* Task goal
Copy, exactly as written, the lines that begin at the one containing "The title is" and end at the one containing "Then FD80, then". Skip any pictures in the data below.

* Provided data

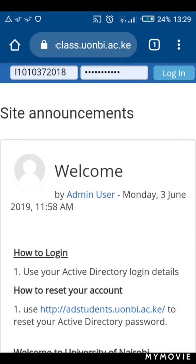The first slot is the username. This is the point where I think people often get it wrong. On the username field, you should type your registration number without the slashes.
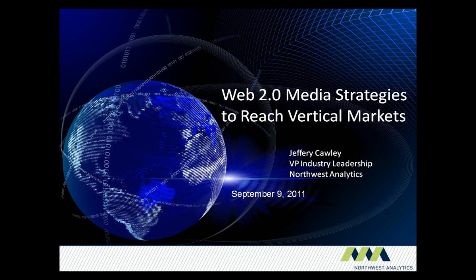The title is 'Web 2.0 Media Strategies to Reach Vertical Markets.' The abstract covers how we're reaching our modern Customer 2.0, focusing on integrated web and non-web media. One of the examples we'll be looking at is some webinar promotion, but the big focus of this discussion is going to be integrated strategies.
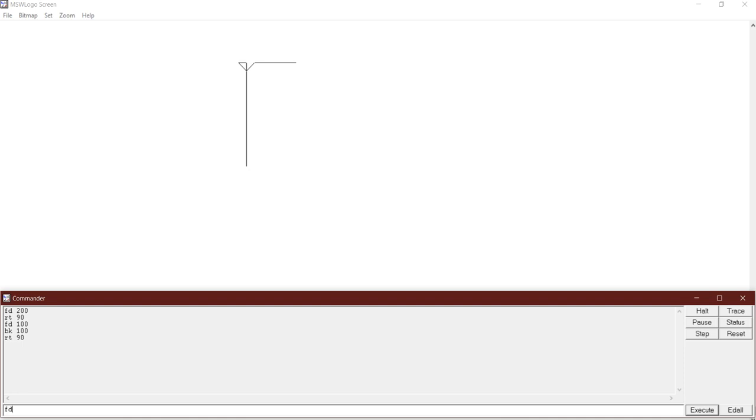Then FD80, then a left turn of 90 degrees by typing in LT90. Finally, FD100 to draw the second horizontal line of the letter F.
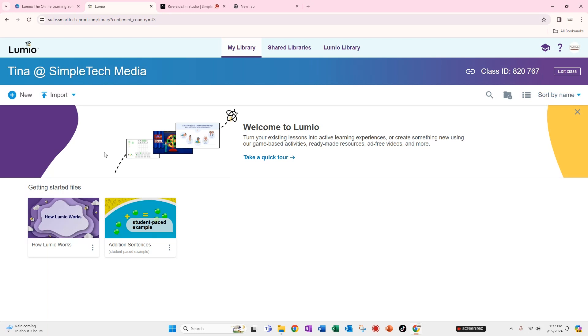Now let's talk about creating a lesson. You can create a new lesson yourself from scratch. You can import a lesson that maybe has been shared with you or maybe one that you have saved to your device that you want to import. You also have these shared libraries and you have this Lumio library.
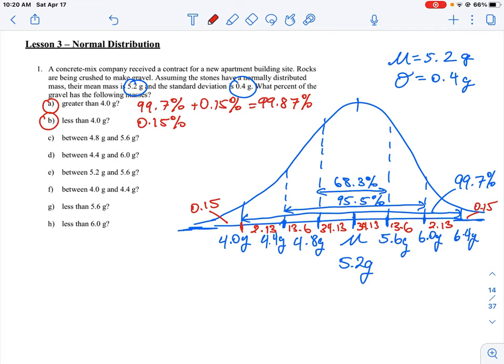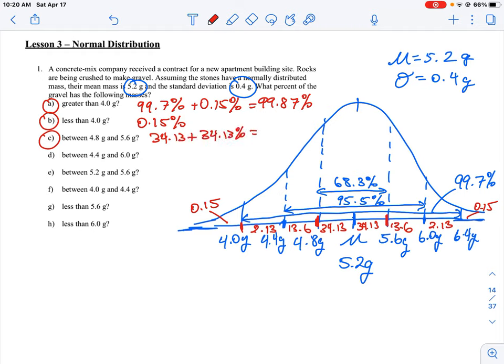For part c, we're looking for values between 4.8 and 5.6 grams. We know 4.8 is one standard deviation to the left of the mean and 5.6 is one standard deviation to the right. So it encompasses 34.13% + 34.13% = 68.3% probability.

* Answer
The title is 'Web 2.0 Media Strategies to Reach Vertical Markets.' The abstract covers how we're reaching our modern Customer 2.0, focusing on integrated web and non-web media. One of the examples we'll be looking at is some webinar promotion, but the big focus of this discussion is going to be integrated strategies.
Then FD80, then a left turn of 90 degrees by typing in LT90. Finally, FD100 to draw the second horizontal line of the letter F.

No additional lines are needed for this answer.